Machines of Loving Grace
Page 23
Governed by a decidedly socialist outlook, the group eschewed the idea of personal computing. Computing should be a social and shared experience, Community Memory decreed. It was an idea before its time. Twelve years before AOL and the Well were founded, and seven years before dial-up BBSes became popular, Community Memory’s innovators built and operated bulletin boards, social media, and electronic communities from other people’s cast-offs. The first version of the project lasted only until 1975 before shutting down.
Felsenstein had none of the anti-PC bias shared by both his radical friends and John McCarthy. Thus unencumbered, he became one of the pioneers of personal computing. Not only was Felsenstein one of the founding members of the Homebrew Computer Club, he also designed the Sol-20, an early hobbyist computer released in 1976, followed up in 1981 with the Osborne 1, the first mass-produced portable computer. Indeed, Felsenstein had a broad view of the impact of computing on society. He had grown up in a household where Norbert Wiener’s The Human Use of Human Beings held a prominent place on the family bookshelf. His father had considered himself not merely a political radical but a modernist as well. Felsenstein would later write that his father, Jake, “was a modernist who believed in the perfectibility of man and the machine as the model for human society. In play with his children he would often imitate a steam locomotive in the same fashion other fathers would imitate animals.”9
The discussion of the impact of technology had been a common trope in the Felsenstein household in the late fifties and the early sixties before Felsenstein left for college. The family discussed the impact of automation and the possibility of technological unemployment with great concern. Lee had even found and read a copy of Wiener’s God and Golem, Inc., published the year that Wiener had unexpectedly died while visiting Stockholm and consisting mostly of his premonitions, both dire and enthusiastic, about the consequences of machines and automation on man and society. To Felsenstein, Wiener was a personal hero.
Despite his early interest in robots and computing, Felsenstein had never been enthralled with rule-based artificial intelligence. Learning about Engelbart’s intelligence amplification ideas would change the way he thought about computing. In the mid-1970s Engelbart’s ideas were in the air among computer hobbyists in Silicon Valley. Felsenstein, and a host of others like him, were dreaming about what they could do with their own computers.
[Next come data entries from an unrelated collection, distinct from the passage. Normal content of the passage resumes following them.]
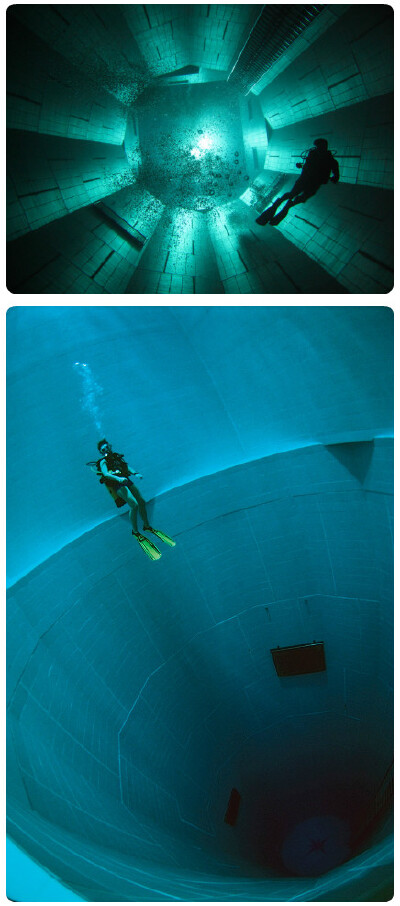 Nemo 33是一座位于比利时布鲁塞尔的潜水中心，里面有世界上最深的游泳池。水池里面有两个深度分别为5米、10米的平台，在10米深处有很多人造洞穴和窗户，此外还有一个深达33米的圆柱形水坑。整个水池里面大约有250万…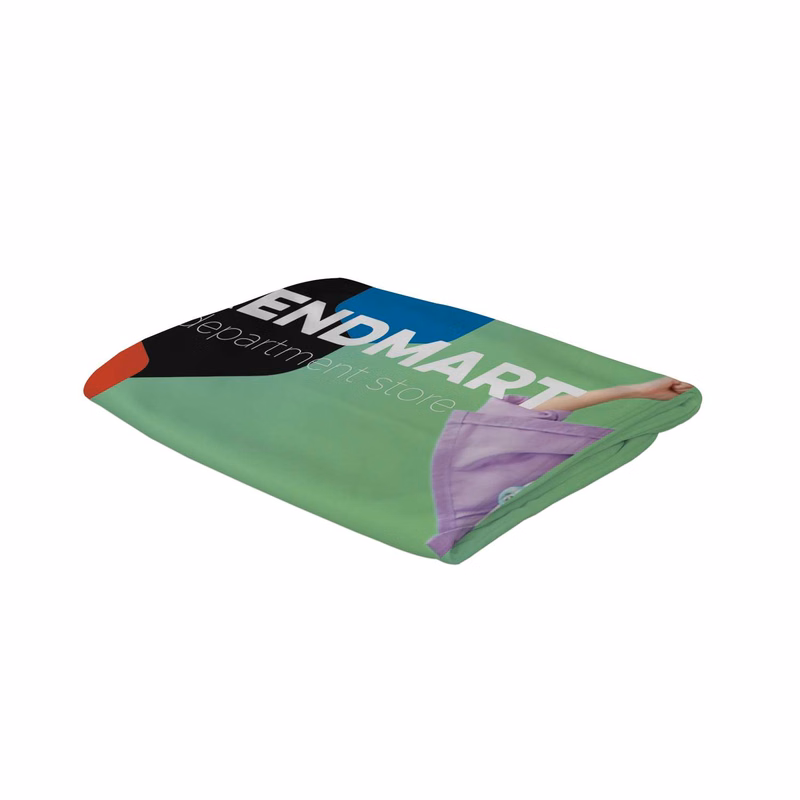 6' Curved Splash Tabletop Display Face Graphic Panel (Recycled Polyester Knit)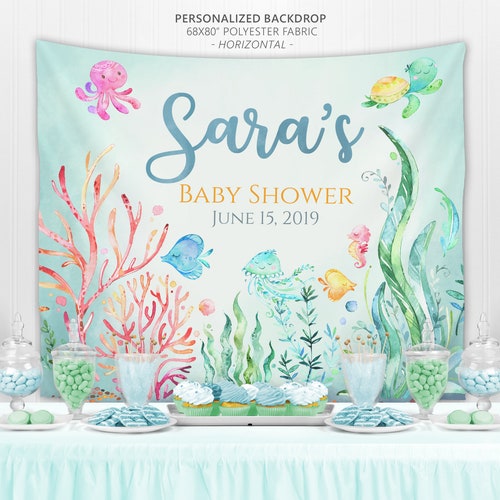 Under the Sea Baby Shower Sign Beach Baby Shower Etsy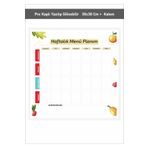 Hsn Menü Planlayıcı Haftalık Pvc Kaplı Yazılıp Silinebilir 30x30 Cm + Kalem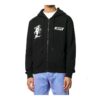 FW20 Kiss 21 Chaqueta con capucha y cremallera estampada para hombre, color negro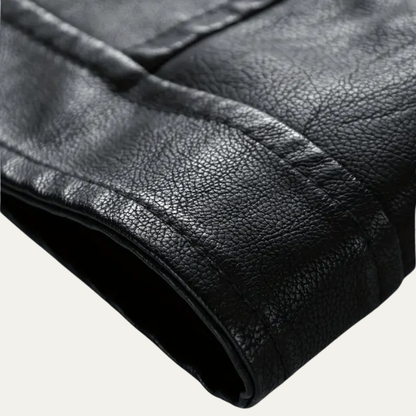 Men’s Sleek Faux Leather Motorcycle Jacket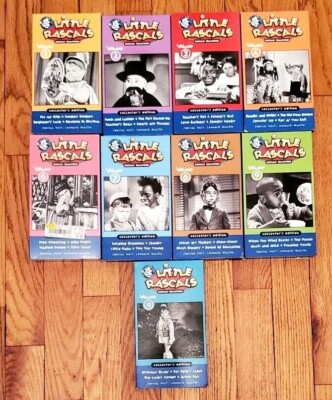 Little Rascals VHS Volumes 1-4/6-10 New Old Stock Collectors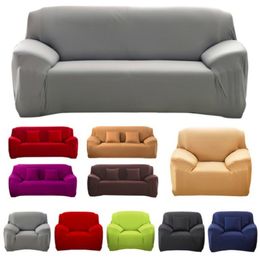 Lovely Solid Single-seat / Double-seat / Sectional Sofa Cover funda sofa sofa-slip cover capa de sofa canape free shipping LJ201216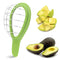 Avocado Slicer Tool - 3.2 x 6.3 Inches Avocado Cuber Tool with Ergonomic Handle, Easy to Use and Clean, Food-Grade Plastic and Stainless Steel, Go...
In 1977, the second year of the personal computer era, he listened to a friend and fellow computer hobbyist, Steve Dompier, talk about the way he wanted to use a computer. Dompier described a future user interface that would be designed like a flight simulator. The user would “fly” through a computer file structure, much in the way 3-D computer programs now simulate flying over virtual terrain.
Felsenstein’s thinking would follow in Dompier’s footsteps. He developed the idea of “play-based” interaction. Ultimately he extended the idea to both user interface design and robotics. Traditional robotics, Felsenstein decided, would lead to machines that would displace humans, but “golemics,” as he described it, using a term first introduced by Norbert Wiener, was the right relationship between human and machine. Wiener had used “golemic” to describe the pretechnological world. In his “The Golemic Approach,”10 Felsenstein presented a design philosophy for building automated machines in which the human user was incorporated into a system with a tight feedback loop between the machine and the human. In Felsenstein’s design, the human should retain a high level of skill to operate the system. It was a radically different approach compared to conventional robotics, in which human expertise was “canned” in the robot while the human remained passive.
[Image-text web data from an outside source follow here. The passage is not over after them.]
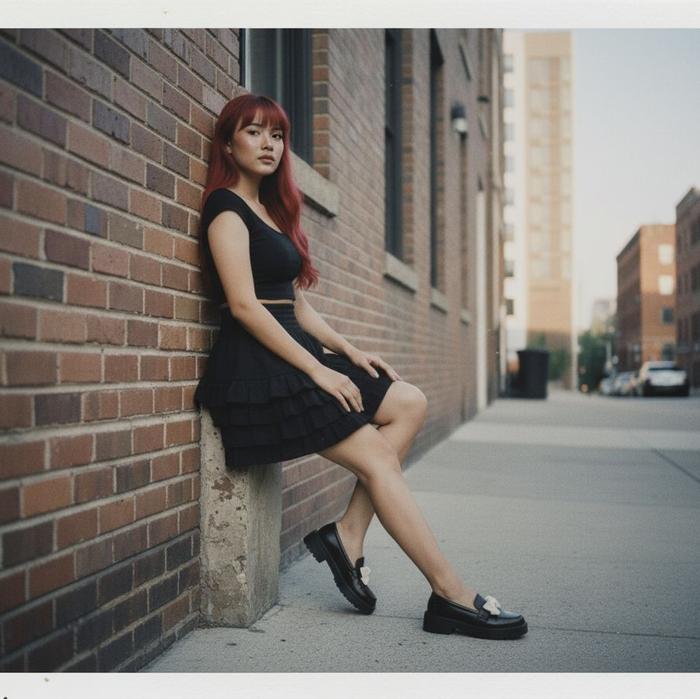 Sweet Black Rebellion Skort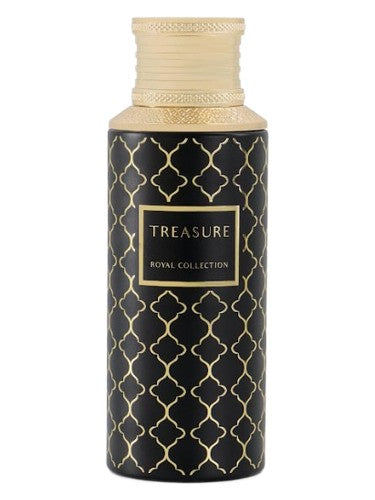 Maison Asrar Treasure perfume bottle, a powdery fragrance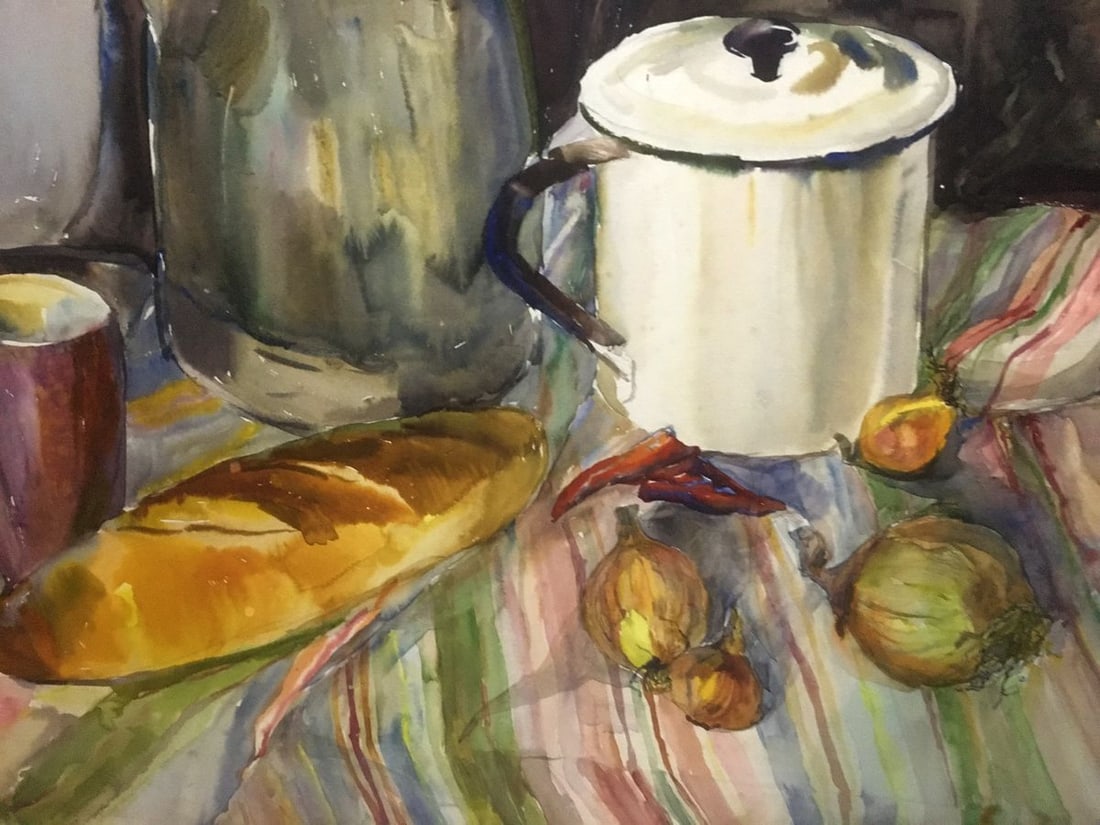 Watercolor painting Food on the table Palazhchenko Irina - 5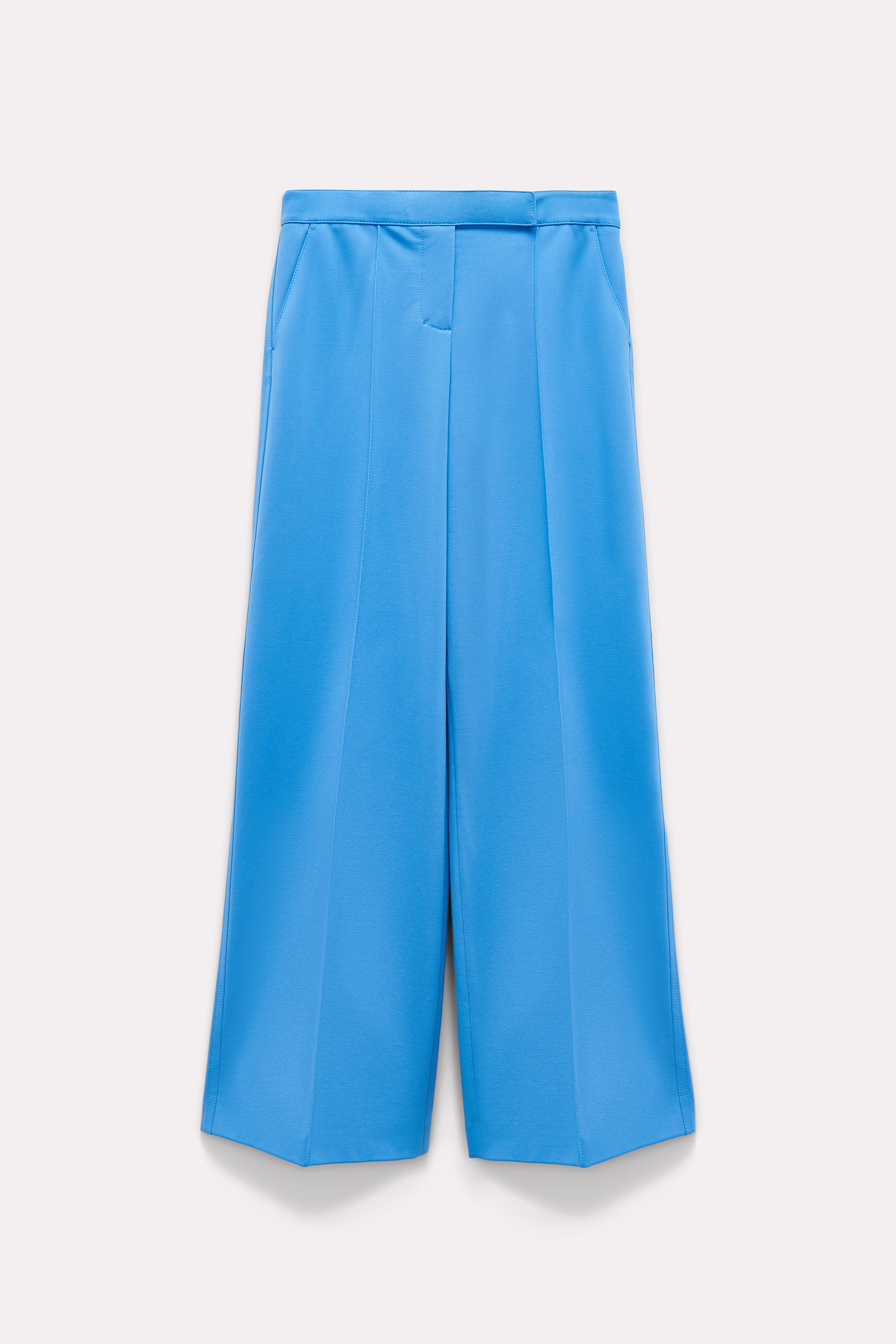 Dorothee Schumacher Hose aus Punto Milano mit weitem Bein cornflower blue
For Felsenstein, the automobile was a good analogy for the ideal golemic device. Automobiles autonomously managed a good deal of their own functions—automatic transmission, braking, and these days advanced cruise control and lane keeping—but in the end people maintained control of their cars. The human, in NASA parlance, remained very much in the loop.
Felsenstein first published his ideas as a manifesto in the 1979 Proceedings of the West Coast Computer Faire. The computer hobbyist movement in the mid-1970s had found its home at this annual computer event, which was created and curated by a former math teacher and would-be hippie named Jim Warren. When Felsenstein articulated his ideas, the sixties had already ended, but he remained very much a utopian: “Given the application of the golemic outlook, we can look forward, I believe, to a society in which rather than bringing about the displacement of people from useful and rewarding work, machines will effect a blurring of the distinction between work and play.”11 Still, when Felsenstein wrote his essay in the late 1970s it was possible that the golem could evolve either as a collaborator or as a Frankenstein-like monster.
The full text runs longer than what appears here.